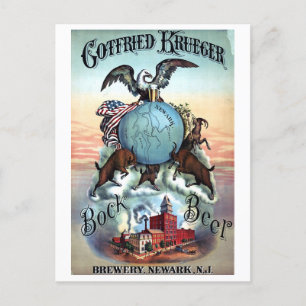 Vintages Bierposter Postkarte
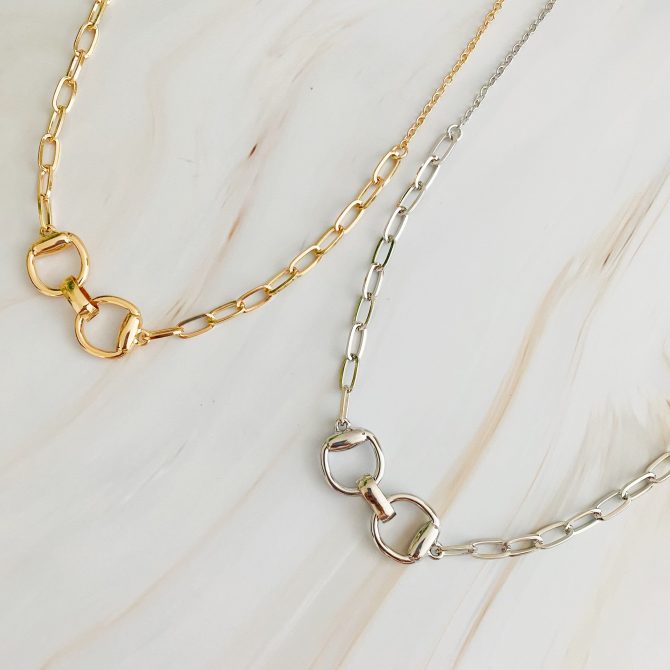 Equestrian Pendant Chain Necklace - Image 3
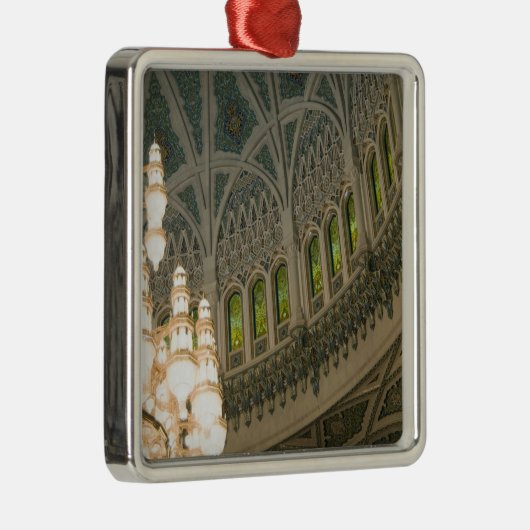 Oman, Muscat, Sultan Qaboos moskee Metalen Ornament (Rechts)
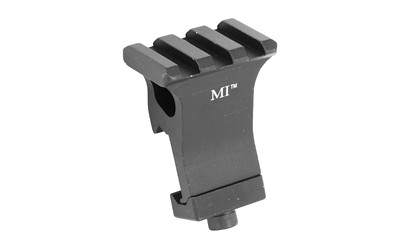 Midwest Industries Mount  Picatinny Offset Rail at 22.5 Degrees (1 O'clock) Position  Black MI-R22.5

——

• **What the task requires**: The pictures stay out; copy the rest of the data word for word.

• **Solved exercise**:
 Vintages Bierposter Postkarte
 Equestrian Pendant Chain Necklace - Image 3
 Oman, Muscat, Sultan Qaboos moskee Metalen Ornament (Rechts)
 Midwest Industries Mount  Picatinny Offset Rail at 22.5 Degrees (1 O'clock) Position  Black MI-R22.5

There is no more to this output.